Typing issue with Generic class

gkb · April 18, 2025, 9:19am

I have the following script:

from dataclasses import dataclass
from typing import Generic, TypeVar

T = TypeVar("T")

@dataclass
class Field(Generic[T]):
    name: str
    default: T
    field_type: type[T]

f = Field(name="", default=1, field_type=str)

reveal_type(f.default)

I tried adding type hints to the class Field to detect when the type of the default argument does not match the field_type (as in the example above).
However, in the above code, mypy resolves T as object and does not throw an error.
Is there a way to enforce this?

Thank you for your help!

ImogenBits · April 18, 2025, 11:03am

One way to think about this is that mypy is completely right from a certain point of view. What the definition of Field is saying is that for some type T the default attribute is an instance of T and the field_type attribute is a class object that’s a subtype of T. If we replace T with object, then of course an int also is an instance of object and similarly str is a subclass of it.

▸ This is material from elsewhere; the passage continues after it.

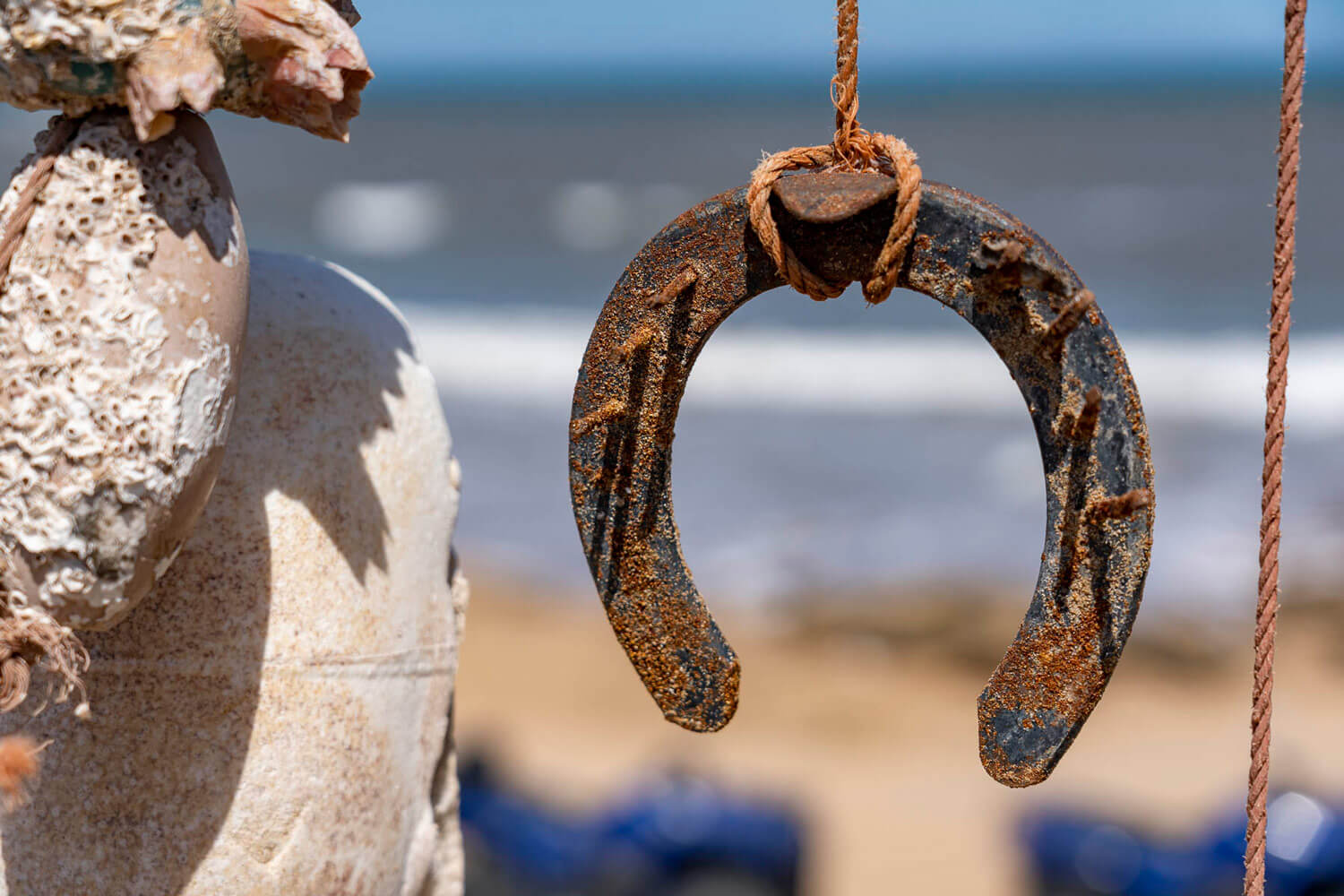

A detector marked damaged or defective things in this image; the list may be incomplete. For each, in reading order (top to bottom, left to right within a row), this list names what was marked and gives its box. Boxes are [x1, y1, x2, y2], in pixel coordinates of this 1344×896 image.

rusty horseshoe [570, 171, 1161, 788]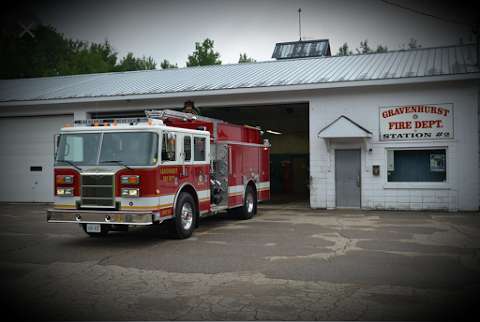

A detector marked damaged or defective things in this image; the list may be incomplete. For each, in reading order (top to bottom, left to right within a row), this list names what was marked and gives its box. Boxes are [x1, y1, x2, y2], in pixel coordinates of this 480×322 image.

cracked pavement [0, 204, 480, 320]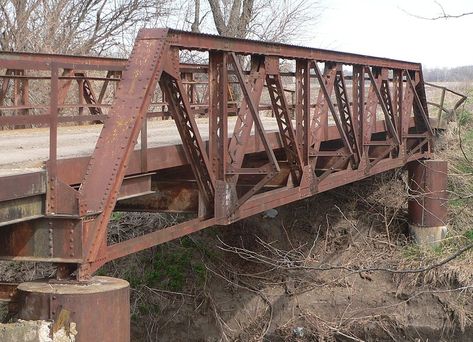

The problem is that that’s not really what you want. What you want is that the field_type attribute specifies some class and then the default attribute has to be an instance of that class. To get that behaviour you need to either not rely on type inference, or make the inference resolve T to exactly the field_type attribute. The first is easy, just explicitly specialize the constructor like this Field[str](name="", default=1, field_type=str). The second isn’t actually possible right now. The typing spec doesn’t strictly specify how inference should be performed and there is no standardized method of influencing it. However, there is a workaround of splitting the arguments into different functions like this:

def make_field(name: str, field_type: type[T]) -> Callable[[T], Field[T]]:
    def inner(default: T) -> Field[T]:
        return Field(name, default, field_type)
    return inner

This way, type inference will first see that the make_field function is passed str and resolve T to it, the returned callable then only accepts an instance of str.

gkb · April 18, 2025, 7:25pm

Thanks for your detailed answer! I will probably use your option 1, even though I wish I could avoid having to specify the type once in the specialization and again as argument.

ImogenBits · April 19, 2025, 8:57pm

You can kind of do that. If you use the Field[str] form, you can access the class with a bit of internal typing magic. When you write Field[str](...) the object that is created will have its __orig_class__ set to Field[str], and from that you can access the type argument via get_args. So, for example, you could change your class to something like this:

@dataclass
class Field(Generic[T]):
    name: str
    default: T
    field_type: type[T] = Never

    def __post_init__(self) -> None:
        if self.field_type is Never:
            orig_class = getattr(self, "__orig_class__", None)
            if orig_class is None:
                raise ValueError
            self.field_type = get_args(orig_class)[0]

(here Never just serves as a sentinel to identify if field_type wasn’t explicitly passed to the constructor, it works since it is a subtype of every type T, but you could also replace it with something more explicit like None and adding that to the init call type hint)
I don’t think that dunder is explicitly part of the external API, but it is something certain libraries rely on, so I still wouldn’t expect its behaviour to go through major breaking changes or things like that.

gkb · April 22, 2025, 8:28pm

Sorry for taking so long, but now I finally found the time to explore your suggestions a bit more thoroughly.
I have now changed my mind and actually prefer solution 2!
What I did not like at first was the fact that I lose information about parameter names:

from dataclasses import dataclass
from typing import Callable, Generic, TypeVar

T = TypeVar("T")


@dataclass
class Field(Generic[T]):
    name: str
    default: T
    type: type[T]

def make_field(field_type: type[T]) -> Callable[[str, T], Field[T]]:
    def inner(name: str, default: T) -> Field[T]:
        return Field(name, default, field_type)

    return inner


FloatField = make_field(float)
ff = FloatField(name="name", default=1)
# Unexpected keyword argument "name"
# Unexpected keyword argument "default"

With the help of Stackoverflow I ended up with the following code:

from dataclasses import dataclass
from typing import Generic, Protocol, TypeVar

T = TypeVar("T")


@dataclass
class Field(Generic[T]):
    name: str
    default: T
    type: type[T]


class PartField(Protocol, Generic[T]):
    def __call__(self, name: str, default: T) -> Field[T]: ...


def make_field(field_type: type[T]) -> PartField[T]:
    def inner(name: str, default: T) -> Field[T]:
        return Field(name, default, field_type)

    return inner


FloatField = make_field(float)
ff = FloatField(name="name", default=1)   # works now